> _Your task_
Pictures aside, the data must be reproduced exactly.

> _Brief descriptive captions_
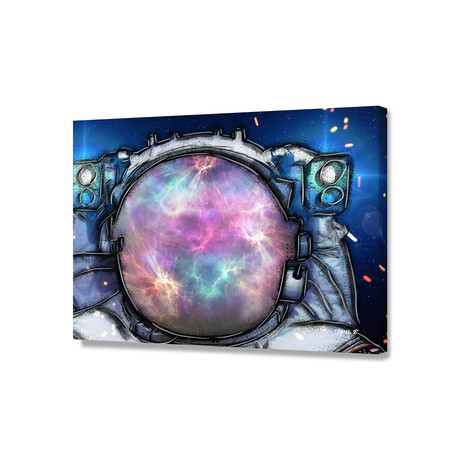 Space Cowboy 161117_E2 (20"W x 16"H x 1.5"D)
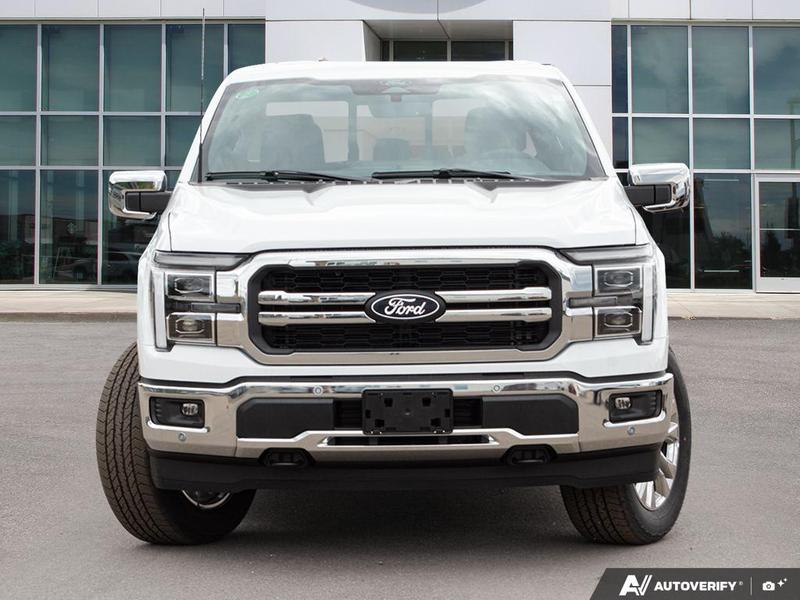 NEW 2026 Ford F-150 LARIAT - Oxford White Exterior / BLACK ACTIVE X Interior - $83,234 - Stock #E60232 - VIN 1FTFW5L85TFA14968 - Photo 2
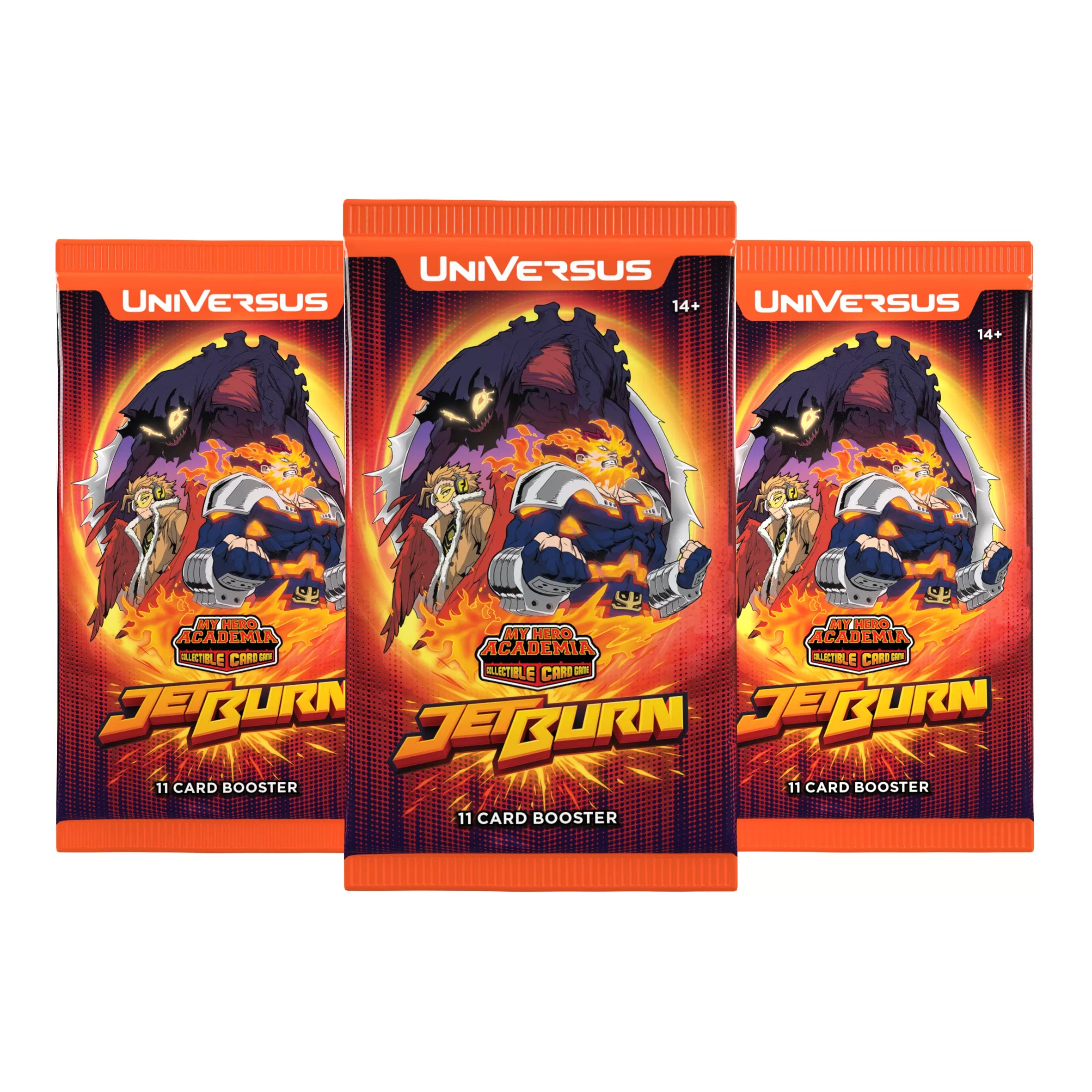 jet burn booster box My Hero Academia - Jet Burn - Booster Box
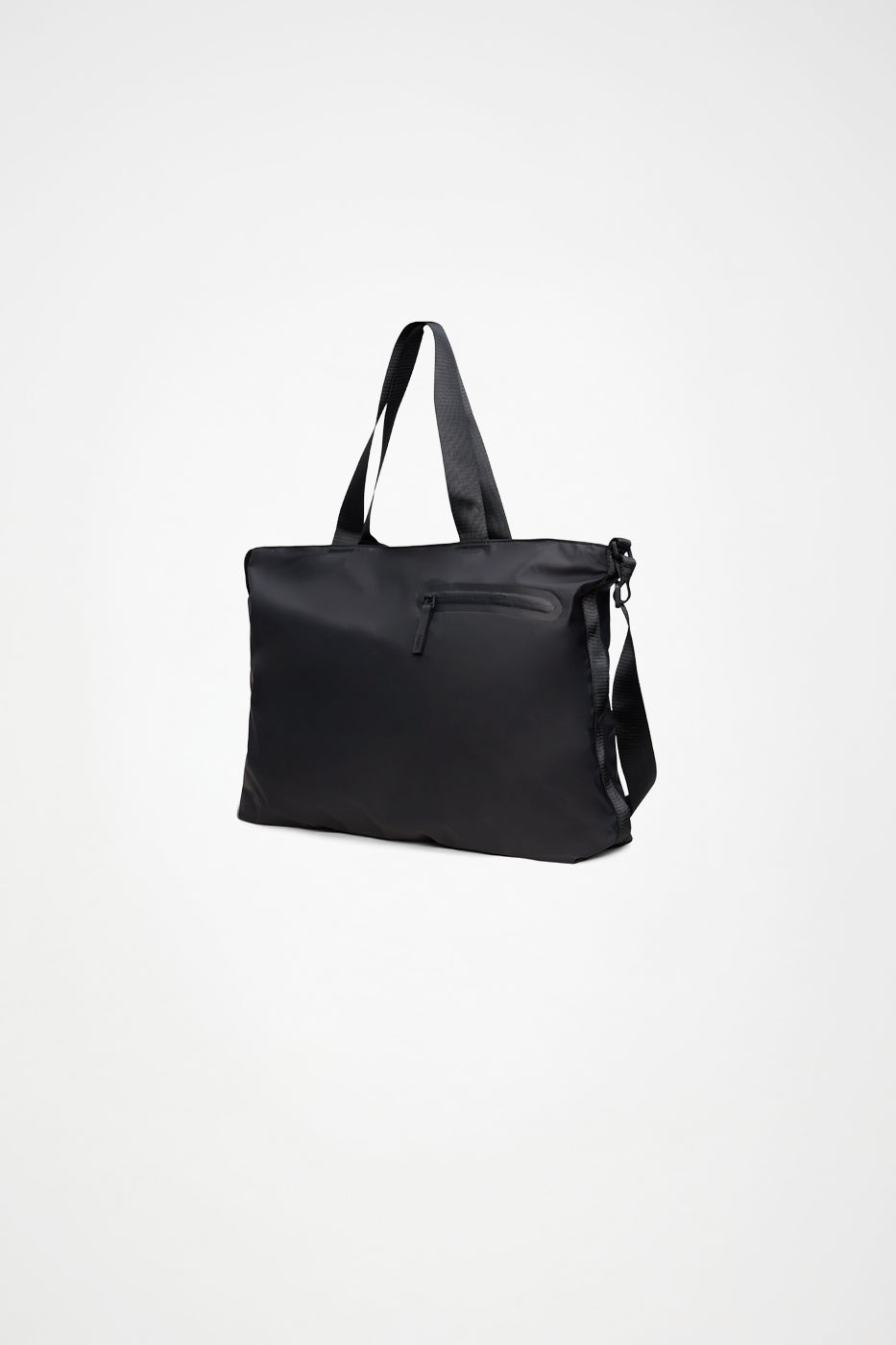 RAINS Dash Messenger Tote Bag Black 25L H38 x D14 x W50 cm Tote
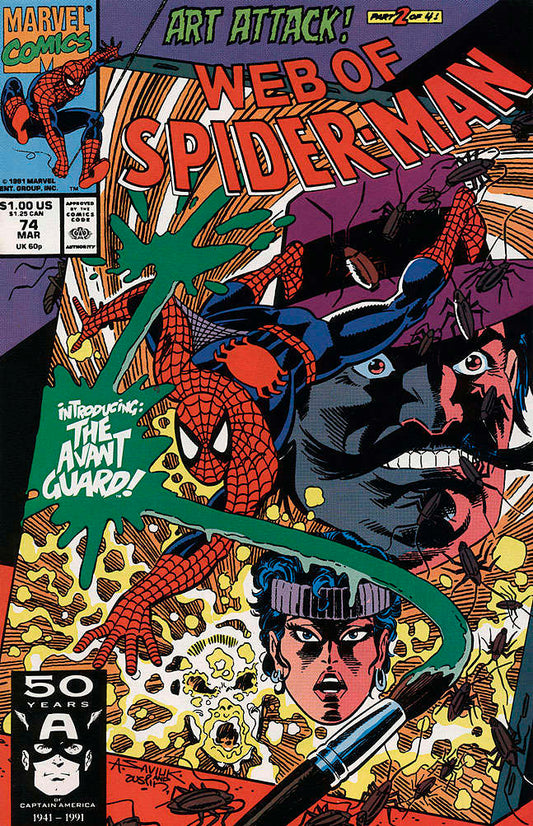 Web of Spider-Man, The #74 (VF-NM), Comic Book, buy comic books online, online comic book store canada, sell comic books, online, comic websites, comic store,  vintige comic books, comic book store guelph, comic book store,  Long Box Silver's Comics 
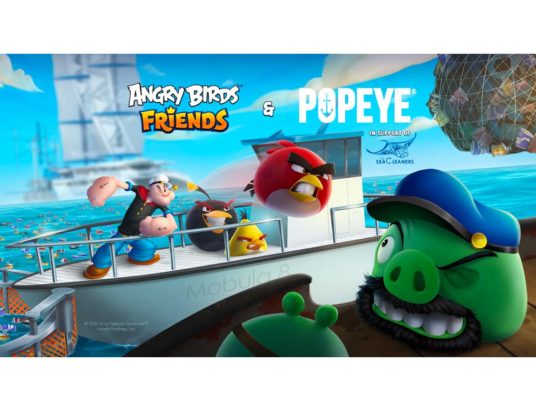 Popeye Angry Birds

> _Output for this exercise_
 Space Cowboy 161117_E2 (20"W x 16"H x 1.5"D)
 NEW 2026 Ford F-150 LARIAT - Oxford White Exterior / BLACK ACTIVE X Interior - $83,234 - Stock #E60232 - VIN 1FTFW5L85TFA14968 - Photo 2
 jet burn booster box My Hero Academia - Jet Burn - Booster Box
 RAINS Dash Messenger Tote Bag Black 25L H38 x D14 x W50 cm Tote
 Web of Spider-Man, The #74 (VF-NM), Comic Book, buy comic books online, online comic book store canada, sell comic books, online, comic websites, comic store,  vintige comic books, comic book store guelph, comic book store,  Long Box Silver's Comics 
 Popeye Angry Birds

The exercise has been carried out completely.